=== Begin Enclosure ===
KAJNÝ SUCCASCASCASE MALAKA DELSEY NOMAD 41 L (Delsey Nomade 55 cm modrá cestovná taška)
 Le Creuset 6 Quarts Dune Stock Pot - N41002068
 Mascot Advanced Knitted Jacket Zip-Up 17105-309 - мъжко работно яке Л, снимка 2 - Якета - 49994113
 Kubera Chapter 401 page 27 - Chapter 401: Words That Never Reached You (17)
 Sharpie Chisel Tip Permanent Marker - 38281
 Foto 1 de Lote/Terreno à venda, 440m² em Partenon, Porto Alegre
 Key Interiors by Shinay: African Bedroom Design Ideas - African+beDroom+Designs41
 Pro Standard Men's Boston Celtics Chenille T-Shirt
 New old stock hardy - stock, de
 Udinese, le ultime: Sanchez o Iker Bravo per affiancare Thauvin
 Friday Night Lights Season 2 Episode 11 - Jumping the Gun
=== End Enclosure ===
#### [Work task]
Please transcribe exactly the lines above from the line that has "Kubera Chapter 401" up to and including the line that has "Key Interiors by"; no other line belongs in the answer.

#### [Task solution]
 Kubera Chapter 401 page 27 - Chapter 401: Words That Never Reached You (17)
 Sharpie Chisel Tip Permanent Marker - 38281
 Foto 1 de Lote/Terreno à venda, 440m² em Partenon, Porto Alegre
 Key Interiors by Shinay: African Bedroom Design Ideas - African+beDroom+Designs41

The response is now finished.